▶ Given data:

++++

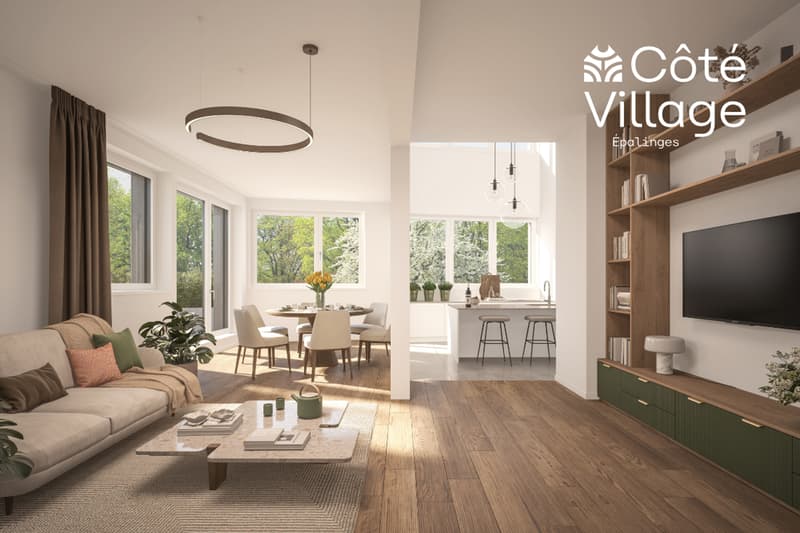 Côté village - Villa A2 - Villa mitoyenne neuve de 5.5 pièces (5)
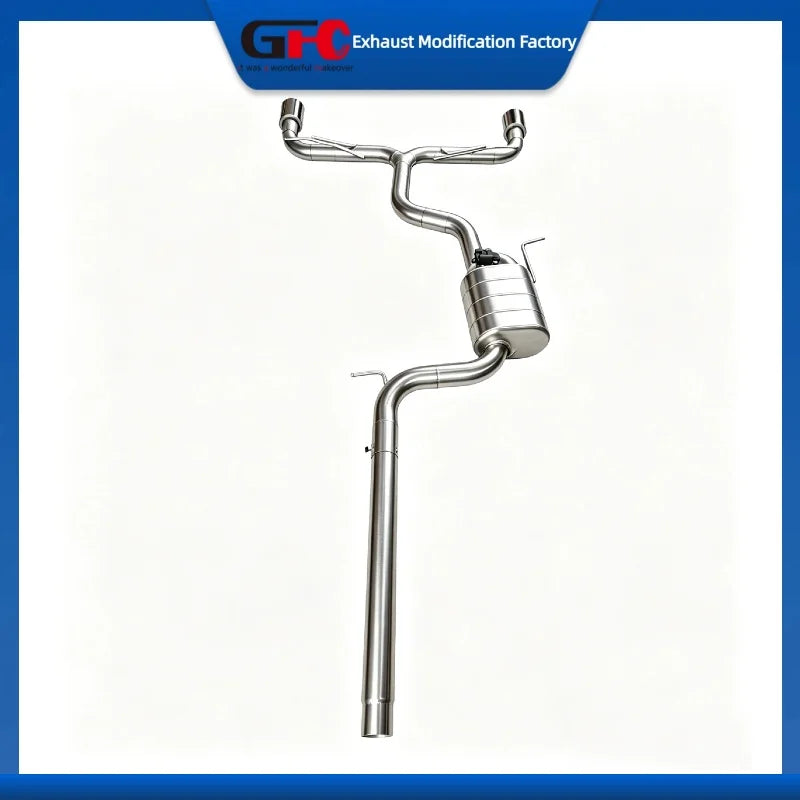304 Stainless Steel Catback Valvetronic Exhaust System for Golf Gti Mk7 Mk7.5 Mk8 Mk8.5 2.0T 2020-2025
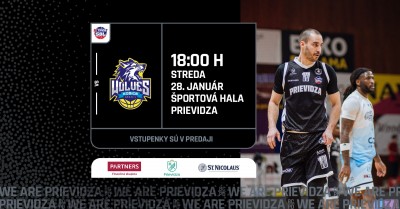 NÁŠ DOM, NÁŠ HRAD! ⚫️⚪️ BC Prievidza - Košice Wolves (23. kolo TIPOS SBL)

++++

▶ Assignment: Write out every line above again exactly, with the pictures left out.

▶ Answer space:
 Côté village - Villa A2 - Villa mitoyenne neuve de 5.5 pièces (5)
304 Stainless Steel Catback Valvetronic Exhaust System for Golf Gti Mk7 Mk7.5 Mk8 Mk8.5 2.0T 2020-2025
 NÁŠ DOM, NÁŠ HRAD! ⚫️⚪️ BC Prievidza - Košice Wolves (23. kolo TIPOS SBL)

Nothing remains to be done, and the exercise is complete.